Ahem... despite what you might have heard on the boards, mages are still extremely powerful. Their burst DPS is the highest in the game and they have spells that make groups beg for them: Polymorph and conjuring. Sure, they have to sit more, but that's because they can burn through monsters at a faster rate just by tossing more mana at their targets. (Tigole himself laid the smackdown on people who said that the mage wasn't the fastest at killing monsters. "We have numbers, we know which classes kill the fastest and why. I won't be dragged into a debate with you." Priceless.)
Mages lost their invisibility because it was too powerful. Their damage spells are strong, they have to be, but invisibility made things obscene. A mage with the drop on their opponent could win virtually every time. Invis, sheep, auto-crit (talent) pyroblast=massive damage with no response. Now the mage casts a few frost spells to kite and finishes with the spells of his choice. How could one live through that? Mages have been nerfed since then to bring them in line. All of the complaints you hear on the boards are because playing a mage used to be like playing God-mode, and Blizzard fixed the problem, to the dismay of all the power-gamers who rolled a mage to get in while the getting was good. In fact, you'll still get posts like "The ideal group is warrior, priest, mage-mage-mage".

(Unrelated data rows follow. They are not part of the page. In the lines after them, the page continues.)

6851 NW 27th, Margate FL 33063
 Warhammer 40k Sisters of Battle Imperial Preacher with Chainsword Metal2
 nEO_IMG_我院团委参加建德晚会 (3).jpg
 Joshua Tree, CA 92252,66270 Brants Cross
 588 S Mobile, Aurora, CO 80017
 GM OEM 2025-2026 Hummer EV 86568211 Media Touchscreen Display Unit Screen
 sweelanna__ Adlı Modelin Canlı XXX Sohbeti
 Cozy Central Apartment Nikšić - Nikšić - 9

In short, mages do not "suck". They are still very strong.
Warlocks were gimp for a very long time, and even now they aren't completed. The next patch will finally see them given higher-level pets. With these increases in power and talents, warlocks are really coming into their own. Warlocks don't nuke particularly well, but they have a number of damage over time spells. In fact, warlock is a class that can experience almost no downtime if played right. The warlock has a number of ways to transfer health and mana between himself and his pet, and ways to drain these resources from his enemy. A warlock can go from fight to fight to fight with very little downtime. The cost of this, however, is that it takes more time to deal with each foe. Additionally, it's not like one can just slack off while playing a warlock, since warlocks require active use of their pets and pet abilities to maintain aggro. Warlocks are still squishy caster types, and since they can't kite like a mage or blast enemies apart like a mage, they rely on their pets to keep themselves safe. To sum up, warlocks operate over time better than mages, with little to no downtime. Mages are better at burst DPS, warlocks better at sustained DPS (or their preferred measure, DPM-- how much damage they inflict per minute, factoring in downtime between fights to drink or heal). Warlocks also offer crowd control, in different forms from a mage's, and have curses that effect the enemy in ways other than straight damage or DOT.
Which should you choose? That's up to you. Both offer strong damage, AoE damage, some crowd control, and different types of utility. Nothing is broken, and class balance is good. Ultimately, you should choose what you want.